Lately I have been following and contributing to a debate in the IRCA LinkedIn discussion group. The basic thrust being the question as to why an auditee might elect to accept a questionable finding from a third party management systems auditor (quite a common occurrence, I think you’ll agree). My view is that, provided the finding is not a major NCR and the expected corrective action is not expensive, they just decide its a battle they can’t be bothered to have. They want to get back to work.
Anyway, the debate continued and one dimension to the argument developed that suggested it was at least partly the auditee’s responsibility to reign the auditor in on those occasions. That bothers me. Let’s just think this through. Are we suggesting the CB uses the auditee as its quality control? Isn’t that something we are taught we are just NOT supposed to be doing?

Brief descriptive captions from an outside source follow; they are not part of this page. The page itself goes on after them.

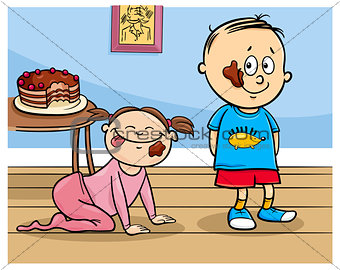little boy and baby girl with cake cartoon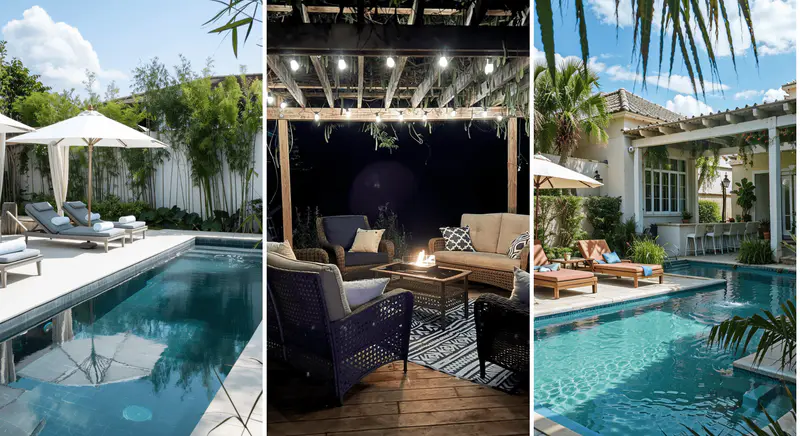 Tropical inground pool surrounded by plants with bamboo pergola, woven shades, and large umbrellas for shaded relaxation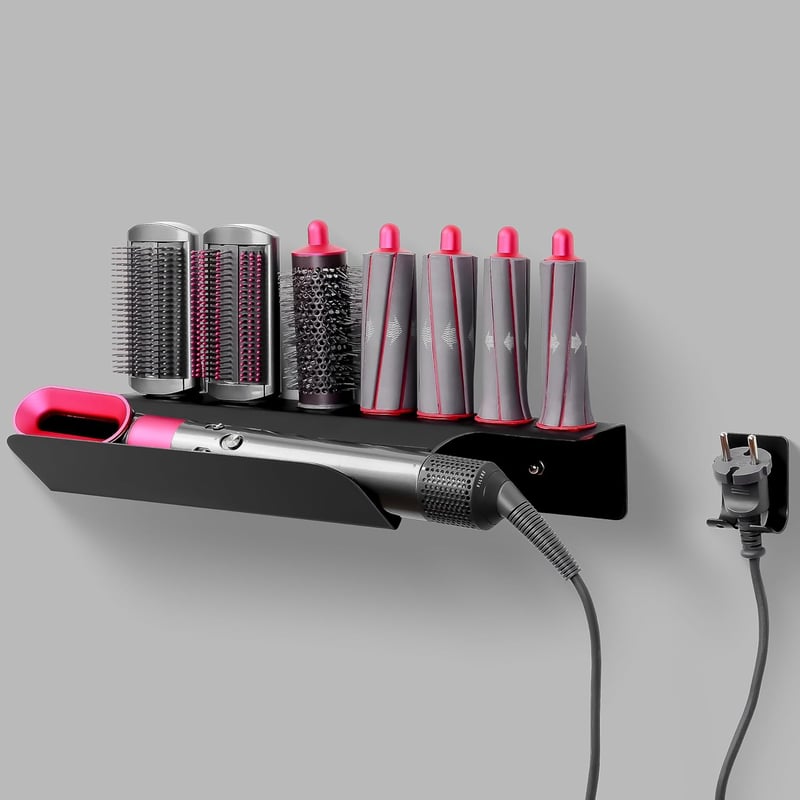 BootyBay Fali Hajszárító Tartó - Dyson Airwrap Kompatibilis, Fúrás Nélküli Rögzítés, Erős Öntapadós Koronggal, Nedvességálló, 39x17,5x7 cm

The biggest thing that bothered me was the general defence put up in favour of the CBs not really needing to do anything to monitor the competence of their auditors. It was all “the auditee should do this, the auditee should do that, if they don’t it’s their fault”. I simply can’t agree. It is fairly and squarely the CBs responsibility to execute the process to an acceptable standard, and to satisfy themselves that this is happening. Despite the fact that to accept, excuse, deny and ignore the problem is more convenient (and most significantly CHEAPER) it is not an acceptable position for a CB to take. We should not offer them a “get out of jail free” card that they are only going to seize with both hands. The root of the problem is that more robust controls cost money and they do not want to raise the price of the commodity. Third party certification is a very price sensitive industry and this always, without regulation, leads to a race to the bottom, which is what we have.
Remember, when the boot is on the other foot, and they audit you and your management system against the competence requirements, do they allow you to use your customers as the quality control? You can’t have it both ways.